Pour chaque caractère, on chauffait une tige d'acier sur laquelle on sculptait ensuite le caractère avec une précision d’orfèvre, un des métiers exercés par Gutenberg, pour obtenir ce qu'on appelle un poinçon, une lettre en relief (à l’inverse d’un sceau où les motifs sont en creux).

En métal dur, les poinçons sont les éléments originels qui permettent ensuite de marquer en creux, de poinçonner sur du métal tendre, comme le cuivre par exemple, chaque lettre ou caractère.
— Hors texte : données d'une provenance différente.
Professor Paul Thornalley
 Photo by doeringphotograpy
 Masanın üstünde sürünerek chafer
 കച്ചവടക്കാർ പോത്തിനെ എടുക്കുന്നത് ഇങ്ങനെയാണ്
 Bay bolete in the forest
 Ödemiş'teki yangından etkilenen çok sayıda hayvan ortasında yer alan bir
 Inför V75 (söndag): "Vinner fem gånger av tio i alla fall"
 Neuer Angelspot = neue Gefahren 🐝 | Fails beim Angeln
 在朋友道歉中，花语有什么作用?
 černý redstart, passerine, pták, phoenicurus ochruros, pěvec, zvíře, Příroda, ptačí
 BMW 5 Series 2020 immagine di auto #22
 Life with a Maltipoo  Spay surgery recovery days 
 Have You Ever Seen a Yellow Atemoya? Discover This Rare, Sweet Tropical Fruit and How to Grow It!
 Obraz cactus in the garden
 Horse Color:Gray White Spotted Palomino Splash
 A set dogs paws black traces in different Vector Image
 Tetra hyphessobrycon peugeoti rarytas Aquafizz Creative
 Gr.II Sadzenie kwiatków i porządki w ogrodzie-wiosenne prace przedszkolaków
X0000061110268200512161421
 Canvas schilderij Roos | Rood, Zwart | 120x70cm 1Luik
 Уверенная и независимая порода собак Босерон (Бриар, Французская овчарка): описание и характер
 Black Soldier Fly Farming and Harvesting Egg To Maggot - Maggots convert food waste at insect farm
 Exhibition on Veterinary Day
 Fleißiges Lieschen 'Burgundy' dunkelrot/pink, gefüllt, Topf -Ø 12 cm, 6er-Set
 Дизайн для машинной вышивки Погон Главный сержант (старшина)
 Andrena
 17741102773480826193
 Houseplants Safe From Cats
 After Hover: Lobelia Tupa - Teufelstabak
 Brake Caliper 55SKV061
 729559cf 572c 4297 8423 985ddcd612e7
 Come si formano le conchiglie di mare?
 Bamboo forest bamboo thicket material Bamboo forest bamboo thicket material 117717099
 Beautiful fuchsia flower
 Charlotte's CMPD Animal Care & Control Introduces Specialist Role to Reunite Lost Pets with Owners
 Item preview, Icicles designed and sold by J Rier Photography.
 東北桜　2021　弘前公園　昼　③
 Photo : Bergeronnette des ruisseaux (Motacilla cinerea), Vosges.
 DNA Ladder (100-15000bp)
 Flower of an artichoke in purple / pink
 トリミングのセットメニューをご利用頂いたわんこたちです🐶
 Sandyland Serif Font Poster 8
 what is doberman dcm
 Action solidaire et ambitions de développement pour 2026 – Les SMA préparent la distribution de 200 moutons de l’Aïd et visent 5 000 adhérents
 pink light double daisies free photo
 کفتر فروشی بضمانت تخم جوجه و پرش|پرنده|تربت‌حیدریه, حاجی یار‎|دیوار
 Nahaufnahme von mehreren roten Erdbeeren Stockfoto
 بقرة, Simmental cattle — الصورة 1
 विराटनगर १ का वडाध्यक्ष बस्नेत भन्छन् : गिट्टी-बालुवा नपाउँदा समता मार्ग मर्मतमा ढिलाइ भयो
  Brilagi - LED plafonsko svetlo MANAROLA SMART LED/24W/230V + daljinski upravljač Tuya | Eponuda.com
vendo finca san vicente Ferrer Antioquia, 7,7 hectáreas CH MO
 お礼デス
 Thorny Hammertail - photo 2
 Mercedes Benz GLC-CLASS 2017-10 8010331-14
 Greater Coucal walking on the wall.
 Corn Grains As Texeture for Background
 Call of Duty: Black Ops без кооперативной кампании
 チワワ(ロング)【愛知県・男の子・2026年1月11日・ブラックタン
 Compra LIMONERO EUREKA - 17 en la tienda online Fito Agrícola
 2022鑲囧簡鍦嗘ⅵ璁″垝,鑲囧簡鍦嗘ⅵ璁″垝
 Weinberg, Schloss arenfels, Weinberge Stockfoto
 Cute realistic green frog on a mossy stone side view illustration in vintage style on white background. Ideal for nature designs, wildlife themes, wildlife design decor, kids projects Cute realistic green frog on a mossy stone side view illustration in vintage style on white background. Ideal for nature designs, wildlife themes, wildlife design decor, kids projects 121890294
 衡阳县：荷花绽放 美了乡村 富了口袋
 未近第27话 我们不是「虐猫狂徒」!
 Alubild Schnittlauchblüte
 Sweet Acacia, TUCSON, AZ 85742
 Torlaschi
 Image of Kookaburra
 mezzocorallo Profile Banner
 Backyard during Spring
Insérées dans des moules spéciaux à la largeur exacte de chaque caractère, ces matrices en cuivre permettent d’y mouler le plomb fondu pour obtenir des copies conformes en plusieurs exemplaires de chaque poinçon de lettre.

 

L'impression typographique : du plomb à la presse

Ces milliers de caractères individuels en plomb obtenus par moulage sont ensuite triés et déposés par type de lettre dans les compartiments d’un grand casier en bois appelé la "casse".  Piochant dans les cassetins aux dimensions et emplacements définis par la fréquence des lettres, le typographe dispose à l’envers tous les caractères d'une ligne de texte sur le composteur, une règle de composition de la largeur de la colonne du texte, et les justifie, les aligne de manière uniforme en jouant sur les espaces entre les mots pour que la ligne ne soit pas creuse. Il dépose ensuite la ligne sur un plateau, la galée, elle-même posée sur un marbre, une surface de pierre entièrement plane qui passera sous la presse. L'ensemble des lignes est disposé dans une mise en page définitive et imposé dans un châssis, une forme maintenue en place par des blocs de bois et des cales métalliques prête à l'encrage et l'impression sous presse.

Les encres traditionnelles à l'eau ne convenaient pas pour une impression avec des caractères métalliques. Gutenberg a perfectionné les nouvelles encres à l'huile apparue à son époque et leur a conféré, grâce à l'ajout de plomb et de cuivre, l’éclat intense qu'elles ont gardé à travers le temps.